* _ACTION ITEM_: Take the lines below from the one with "Outrigger Canoe Blue" through the one with "Round Urban Weathered" and print only them, exactly. Don't print the pictures.

Start of INPUT RECORDS

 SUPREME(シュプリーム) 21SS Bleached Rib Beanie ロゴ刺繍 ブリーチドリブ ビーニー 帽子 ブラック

End of INPUT RECORDS
Start of INPUT RECORDS

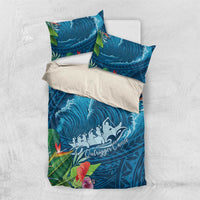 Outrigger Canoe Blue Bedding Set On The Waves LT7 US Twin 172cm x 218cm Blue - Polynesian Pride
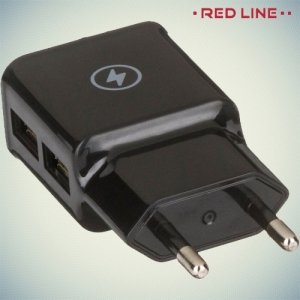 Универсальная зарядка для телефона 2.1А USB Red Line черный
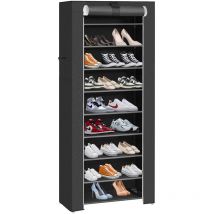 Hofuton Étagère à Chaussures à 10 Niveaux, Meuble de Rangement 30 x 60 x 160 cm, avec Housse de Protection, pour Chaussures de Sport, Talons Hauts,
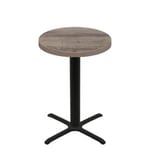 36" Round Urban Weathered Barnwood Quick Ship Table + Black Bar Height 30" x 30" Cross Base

End of INPUT RECORDS

* _OUTPUT FOR THIS TASK_:
 Outrigger Canoe Blue Bedding Set On The Waves LT7 US Twin 172cm x 218cm Blue - Polynesian Pride
 Универсальная зарядка для телефона 2.1А USB Red Line черный
 Hofuton Étagère à Chaussures à 10 Niveaux, Meuble de Rangement 30 x 60 x 160 cm, avec Housse de Protection, pour Chaussures de Sport, Talons Hauts,
 36" Round Urban Weathered Barnwood Quick Ship Table + Black Bar Height 30" x 30" Cross Base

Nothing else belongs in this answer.